Ele bem queria que fosse aquela apenas “uma vez”... a primeira e – quiçá – a última vez... Também queria poder dizer que “era”... assim... no passado... como se fora algo distante no tempo e merecedor de nada mais do que o esquecimento... Mas, não “era uma vez”...

“É, de novo!” – ele pensa, enquanto sacode as penas das asas, na tentativa de arrumá-las – algo quase impossível para ele. Mais uma temporada se passou (a segunda de sua – até agora – curta vida) e continuava só... Sempre houve mais machos do que fêmeas – resultado de infâncias violentas, trazendo um súbito arrependimento (se não tivesse, ele mesmo, dado cabo de duas ou três...)... Apesar de não entender o porquê de não, simplesmente, aceitar sua provável solidão, já estava acostumado... no fundo, sempre foi solitário, desde o ninho... “Não queria mesmo nenhuma delas!” – desdenha com a razão dos perdedores – “Fêmeas fúteis! Por que valorizam tanto essas demonstrações estúpidas de masculinidade? Quem disse que o mais forte é, necessariamente, o melhor? De onde tiraram que o maior é o melhor amante, o mais companheiro e o melhor pai?”

Ao olhar em volta, nota diversas famílias com fêmeas jovens – “No ano que vem, serão essas...” – observa para si mesmo, chocando-se como próprio comentário – “Não vou ficar aqui, cobiçando crianças!
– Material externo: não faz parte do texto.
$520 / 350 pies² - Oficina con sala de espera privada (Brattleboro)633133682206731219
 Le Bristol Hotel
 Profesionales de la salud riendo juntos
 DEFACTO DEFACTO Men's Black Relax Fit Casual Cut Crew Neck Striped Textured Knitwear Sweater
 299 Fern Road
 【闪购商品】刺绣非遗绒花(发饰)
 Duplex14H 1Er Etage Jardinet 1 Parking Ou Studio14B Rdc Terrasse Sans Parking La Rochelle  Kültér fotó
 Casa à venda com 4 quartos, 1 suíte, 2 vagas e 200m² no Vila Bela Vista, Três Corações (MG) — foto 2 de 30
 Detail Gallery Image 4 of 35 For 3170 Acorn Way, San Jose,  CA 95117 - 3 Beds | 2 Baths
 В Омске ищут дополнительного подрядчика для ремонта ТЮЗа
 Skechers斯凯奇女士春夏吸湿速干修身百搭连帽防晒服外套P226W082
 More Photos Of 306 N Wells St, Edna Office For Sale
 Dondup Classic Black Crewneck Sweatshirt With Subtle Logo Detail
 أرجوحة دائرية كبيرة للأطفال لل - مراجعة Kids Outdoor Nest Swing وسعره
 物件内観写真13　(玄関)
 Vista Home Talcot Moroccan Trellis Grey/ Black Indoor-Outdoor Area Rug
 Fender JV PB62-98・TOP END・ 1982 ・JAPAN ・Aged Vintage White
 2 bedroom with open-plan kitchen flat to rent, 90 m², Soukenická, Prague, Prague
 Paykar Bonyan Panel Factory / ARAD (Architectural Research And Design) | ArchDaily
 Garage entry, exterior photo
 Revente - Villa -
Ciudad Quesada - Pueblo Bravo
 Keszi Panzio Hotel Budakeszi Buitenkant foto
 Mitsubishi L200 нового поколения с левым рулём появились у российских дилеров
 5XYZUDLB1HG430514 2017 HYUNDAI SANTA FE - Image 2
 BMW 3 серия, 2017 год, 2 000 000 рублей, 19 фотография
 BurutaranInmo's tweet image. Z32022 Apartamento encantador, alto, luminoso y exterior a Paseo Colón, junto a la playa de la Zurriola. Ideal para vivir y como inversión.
Além do mais, não serão diferentes das outras!”...

Do alto de uma grande árvore, ele fita o horizonte... olha, em seguida, para baixo – “Será que alguém vai sentir a minha falta?.. Que bobagem... é claro que não!”... Um salto, um simples salto... arquear o corpo, baixar a cabeça, apontar o bico para a frente e erguer a cauda; para depois, num só impulso, arremessar-se inteiro para cima, numa parábola de asas fechadas, abrindo-as de uma vez, ao começar da queda... O bater de suas asas negras ao vento anunciam que não há volta...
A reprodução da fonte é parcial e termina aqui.